Today you can walk the remaining earthworks and picture the Māori defenders firing muskets loaded by women who fought and died with their men.

Battle of Rangiriri

As night fell on Rangiriri, the humped shapes of dead and wounded British soldiers littered the approaches to the redoubt. But behind its thick earth walls the Māori warriors knew they were facing defeat. Surrounded on three sides by hundreds of troops, some 200 Kingite defenders slipped away during the night. At about 5am those who were left hoisted a white flag. 

There is evidence that the flag was not a sign of surrender, but of a desire to negotiate. One officer, Lieutenant Pennefather, described how on seeing the defenders’ white flag, he “at once scrambled into their redoubt, and with his men, mingled amongst them, shaking hands”. The General came up about ten minutes later, complimented them on their bravery and demanded their arms. According to Pennefather, the chiefs were reluctant to hand over weapons, explaining that they had hoisted the flag to discuss terms with the British. But in the end, resisting was out of the question.

More than 180 Māori prisoners were taken from Rangiriri, and many of the 200 who escaped overnight were seriously wounded. The Kīngitanga fighting force could not survive the blow. In the aftermath of the battle, the British forced mass evacuations from tribal land – people were settled with different hapu, in what became known as the King Country. Families were displaced and those who came back decades later found that their kāinga (villages) no longer existed, or had been taken over by others. 

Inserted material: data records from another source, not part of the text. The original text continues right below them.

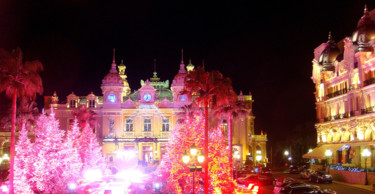 제목이 "Noël à Monaco, Mont…"인 사진 Gérald Guillotte로, 원작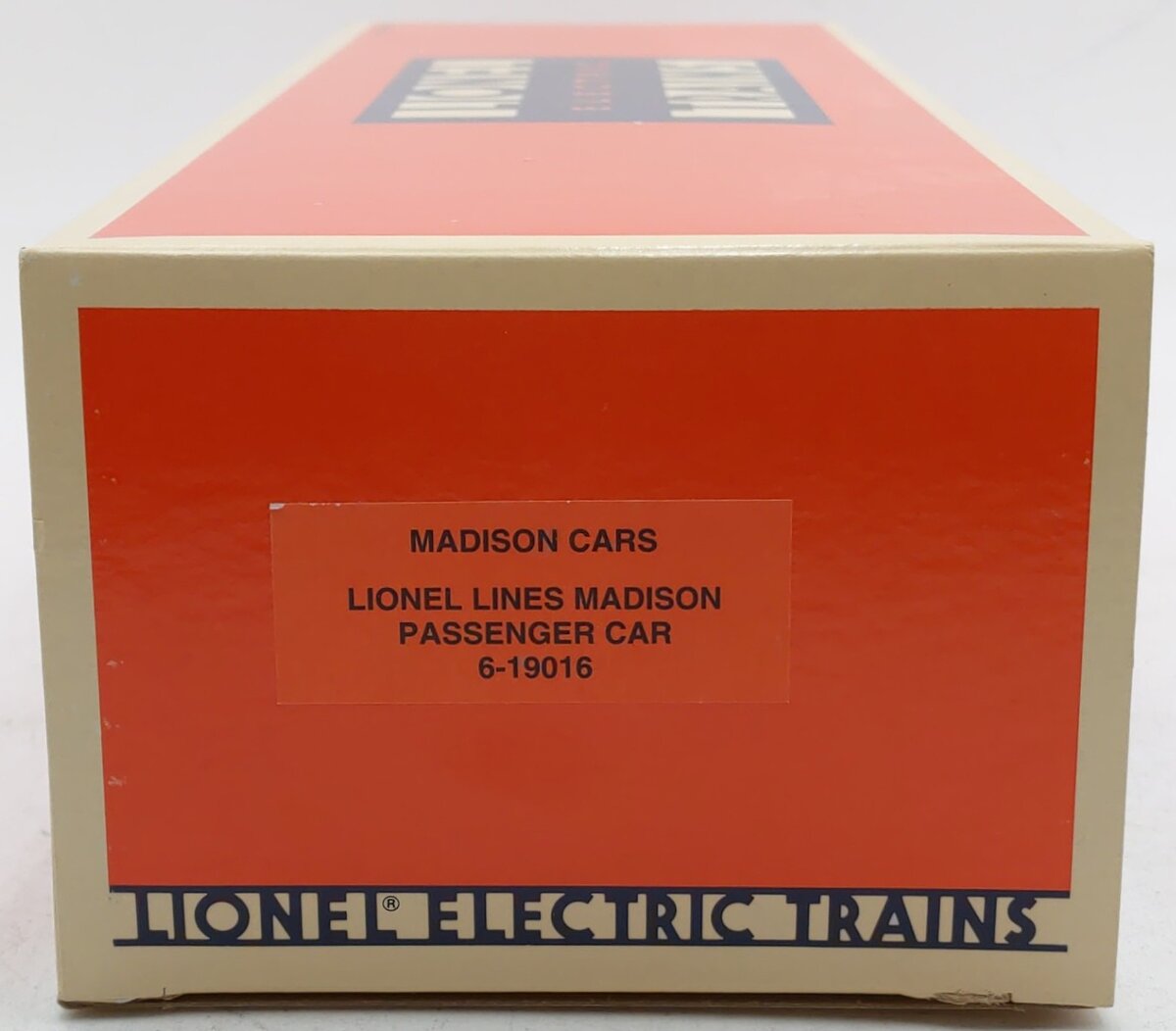 Lionel 6-19016 O Gauge Lionel Lines Madison Passenger Car #9016 EX/Box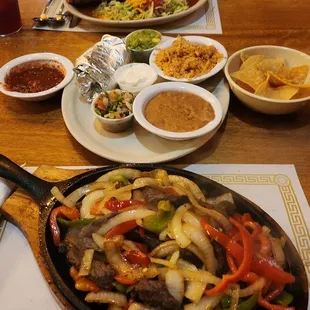 Beef fajita and all the sides ithat come with it. A feast at an unbelievable price. Served sizzling hot, it is guaranteed to delight you.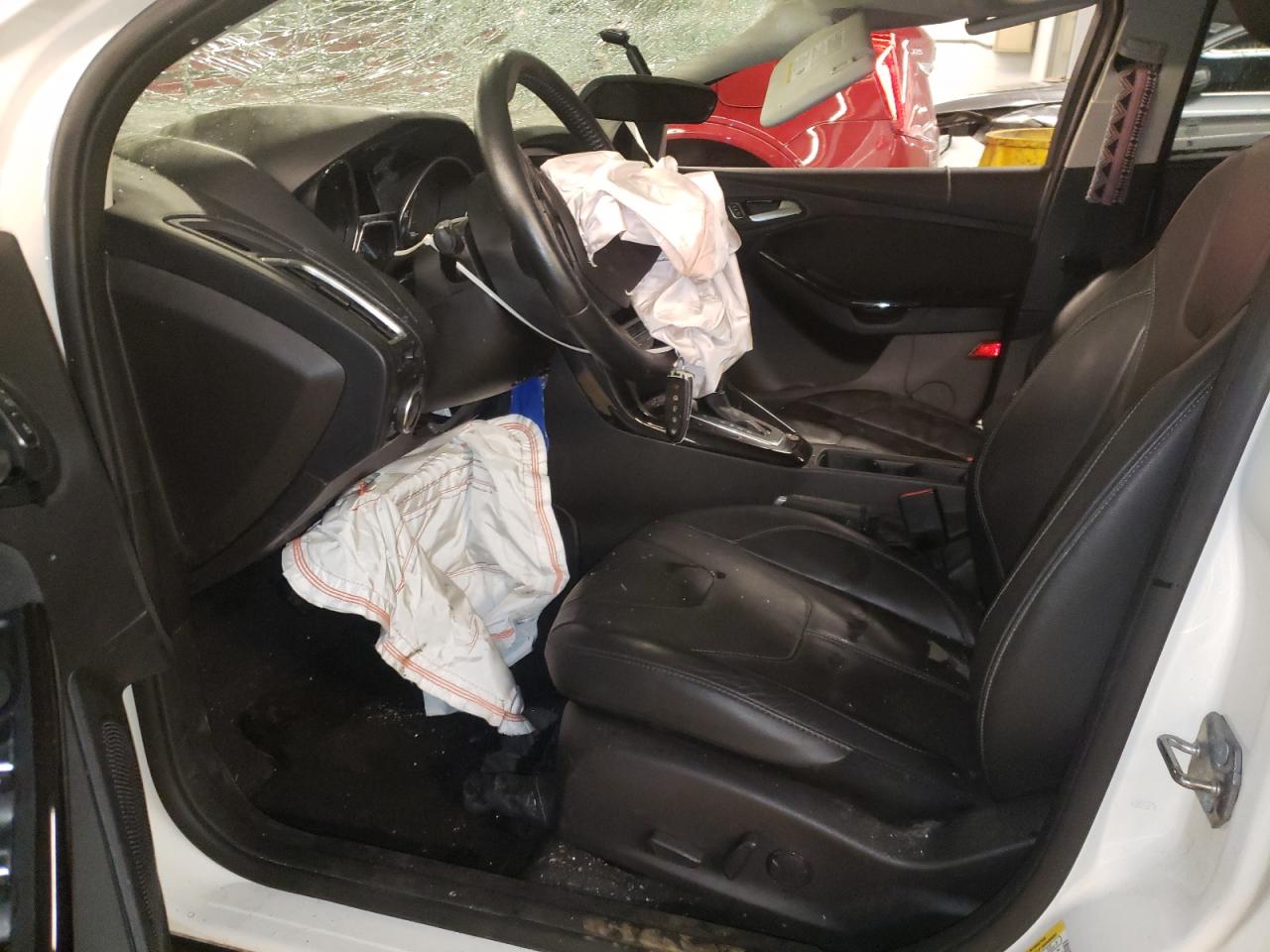 Photo 5 from auction – 2015 FORD FOCUS TITA with VIN 1FADP3N22FL309183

Official government records of the time proclaimed a stunning British victory at Rangiriri. But the troops’ commander, General Cameron, was shaken by the losses: 132 British were killed or wounded. Forty-one Māori died, including six chiefs. The Māori dead were buried in the trenches and in a mass grave next to the thatched Māori church that served as a hospital during the battle. Today the cemetery at Rangiriri holds gravestones for the British who died and a grassed mound for the Māori who lost their lives.